Well somehow two weeks has become two months. So my new year’s resolution is to write this blog a lot more regularly. But seeing as I’ve promised that before and it hasn’t happened yet, we’ll have to see whether this resolution falls into the cliché of being quickly forgotten.

Anyway, I’m still going to continue where I left off last time, and that was talking about how to get people interested in science. Last time, I mentioned the recent successes that CERN and the RSC had in getting science into the papers. But although it’s always good to get a positive exposure for science, I don’t think that doing so actively encourages an interest in science.

A newspaper report about science is fairly ephemeral; people read it and then forget about it. Actually engendering an interest in science is a much longer-term process and requires a great deal more hand-holding.

For I think that most people have a background interest in science, or at least certain aspects of science, but are intimidated by it. Science is difficult, complicated, and infused with jargon and obscure technical terms that only the initiated fully understand. So as with many aspects of so-called high culture, like opera, people don’t know where to start. They need a friendly guide.

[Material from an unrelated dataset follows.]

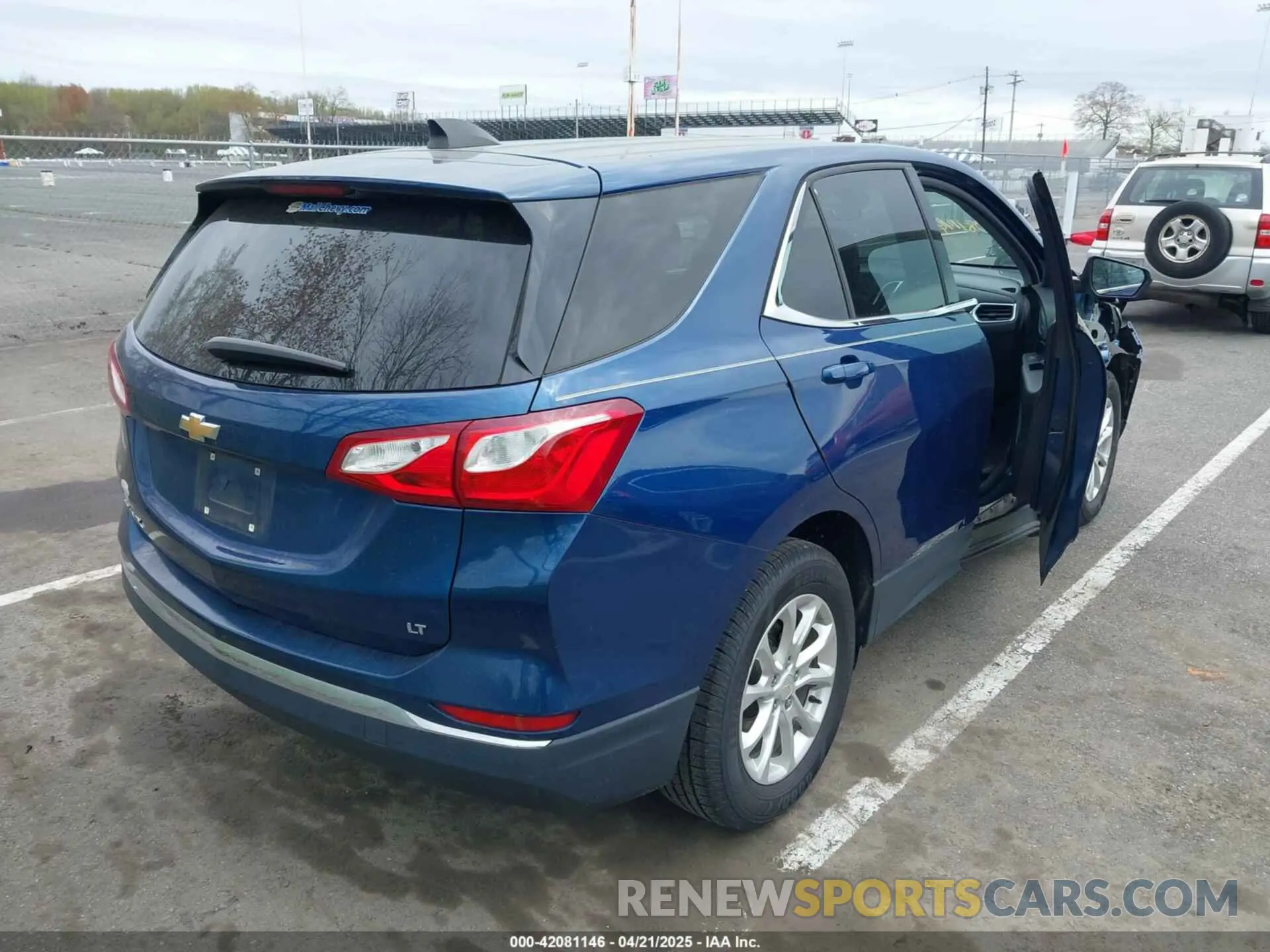 4 Фотография поврежденного автомобиля 2GNAXKEV1L6117203 CHEVROLET EQUINOX 2020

This was brought home to me when Bill Bryson wrote his A short history of nearly everything. All of a sudden, friends who had hitherto only shown a minimal interest in science were all buying it. It turned out that they were interested in science, but were just waiting for the right person to explain it to them. They’d already read and liked Bryson’s travel books, and trusted that he’d make science just as entertaining.

That’s the thing about most areas of science; you can’t just dive straight into them if you’re a novice. You need to be helped through the often difficult terrain, especially at the start. Now this is what science writers are meant to do and there are a lot of other popular science books that also offer a fairly general introduction to science. But the thing is that there aren’t many science writers who are as well known to a general audience as Bill Bryson. And for a difficult topic like science, people want someone they already like and trust to explain it to them.

So to take advantage of this general background interest in science, you really need to employ well-known faces as the friendly guides. The BBC did this during its coverage of the switching on of the Large Hadron Collider, part of which was presented by the comedian Ben Miller. Now there was a bit of criticism about this, but Miller studied quantum physics at Cambridge University and still has an interest in the subject, so why not take advantage of him.

Indeed, comedians would probably make a good choice of presenters for science programmes. For there are a number of comedians who seem to have an interest in and fairly good knowledge of science, including Bill Bailey, Dara O’Briain and Chris Addison, and viewers would have more confidence in their ability to make a scientific topic understandable and entertaining than your average, unknown scientist.

But hopefully they’d still need the help of a good science writer.